Data excerpts:
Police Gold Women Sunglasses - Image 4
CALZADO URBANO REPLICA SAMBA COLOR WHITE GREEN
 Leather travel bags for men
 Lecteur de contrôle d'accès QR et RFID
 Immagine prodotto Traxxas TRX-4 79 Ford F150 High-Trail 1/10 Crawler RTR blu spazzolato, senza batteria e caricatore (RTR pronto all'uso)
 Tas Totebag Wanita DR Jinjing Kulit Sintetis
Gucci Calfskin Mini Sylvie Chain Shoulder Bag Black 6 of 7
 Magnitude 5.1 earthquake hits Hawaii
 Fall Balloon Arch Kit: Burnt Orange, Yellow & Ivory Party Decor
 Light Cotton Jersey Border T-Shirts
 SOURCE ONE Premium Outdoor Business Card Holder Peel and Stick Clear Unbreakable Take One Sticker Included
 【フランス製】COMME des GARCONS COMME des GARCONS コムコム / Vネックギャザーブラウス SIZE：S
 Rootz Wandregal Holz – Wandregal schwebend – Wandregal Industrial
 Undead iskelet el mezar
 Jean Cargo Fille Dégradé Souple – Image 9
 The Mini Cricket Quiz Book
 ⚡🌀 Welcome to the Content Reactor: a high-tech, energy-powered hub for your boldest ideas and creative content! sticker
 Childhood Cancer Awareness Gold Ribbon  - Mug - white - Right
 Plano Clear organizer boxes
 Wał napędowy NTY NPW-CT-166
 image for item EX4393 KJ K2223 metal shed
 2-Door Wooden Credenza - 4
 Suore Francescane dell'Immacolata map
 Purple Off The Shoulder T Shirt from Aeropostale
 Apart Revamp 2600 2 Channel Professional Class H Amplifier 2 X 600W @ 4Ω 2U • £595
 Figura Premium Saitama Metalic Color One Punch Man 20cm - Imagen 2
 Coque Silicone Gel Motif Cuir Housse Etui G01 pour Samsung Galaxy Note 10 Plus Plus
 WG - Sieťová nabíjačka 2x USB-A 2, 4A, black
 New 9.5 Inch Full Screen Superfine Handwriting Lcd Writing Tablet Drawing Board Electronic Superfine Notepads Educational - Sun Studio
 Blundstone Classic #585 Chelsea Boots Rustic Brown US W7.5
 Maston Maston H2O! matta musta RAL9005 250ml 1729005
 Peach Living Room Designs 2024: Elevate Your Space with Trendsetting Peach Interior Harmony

Aim of the task: Reproduce all of the entries word for word. Omit nothing.

Output:
Police Gold Women Sunglasses - Image 4
CALZADO URBANO REPLICA SAMBA COLOR WHITE GREEN
 Leather travel bags for men
 Lecteur de contrôle d'accès QR et RFID
 Immagine prodotto Traxxas TRX-4 79 Ford F150 High-Trail 1/10 Crawler RTR blu spazzolato, senza batteria e caricatore (RTR pronto all'uso)
 Tas Totebag Wanita DR Jinjing Kulit Sintetis
Gucci Calfskin Mini Sylvie Chain Shoulder Bag Black 6 of 7
 Magnitude 5.1 earthquake hits Hawaii
 Fall Balloon Arch Kit: Burnt Orange, Yellow & Ivory Party Decor
 Light Cotton Jersey Border T-Shirts
 SOURCE ONE Premium Outdoor Business Card Holder Peel and Stick Clear Unbreakable Take One Sticker Included
 【フランス製】COMME des GARCONS COMME des GARCONS コムコム / Vネックギャザーブラウス SIZE：S
 Rootz Wandregal Holz – Wandregal schwebend – Wandregal Industrial
 Undead iskelet el mezar
 Jean Cargo Fille Dégradé Souple – Image 9
 The Mini Cricket Quiz Book
 ⚡🌀 Welcome to the Content Reactor: a high-tech, energy-powered hub for your boldest ideas and creative content! sticker
 Childhood Cancer Awareness Gold Ribbon  - Mug - white - Right
 Plano Clear organizer boxes
 Wał napędowy NTY NPW-CT-166
 image for item EX4393 KJ K2223 metal shed
 2-Door Wooden Credenza - 4
 Suore Francescane dell'Immacolata map
 Purple Off The Shoulder T Shirt from Aeropostale
 Apart Revamp 2600 2 Channel Professional Class H Amplifier 2 X 600W @ 4Ω 2U • £595
 Figura Premium Saitama Metalic Color One Punch Man 20cm - Imagen 2
 Coque Silicone Gel Motif Cuir Housse Etui G01 pour Samsung Galaxy Note 10 Plus Plus
 WG - Sieťová nabíjačka 2x USB-A 2, 4A, black
 New 9.5 Inch Full Screen Superfine Handwriting Lcd Writing Tablet Drawing Board Electronic Superfine Notepads Educational - Sun Studio
 Blundstone Classic #585 Chelsea Boots Rustic Brown US W7.5
 Maston Maston H2O! matta musta RAL9005 250ml 1729005
 Peach Living Room Designs 2024: Elevate Your Space with Trendsetting Peach Interior Harmony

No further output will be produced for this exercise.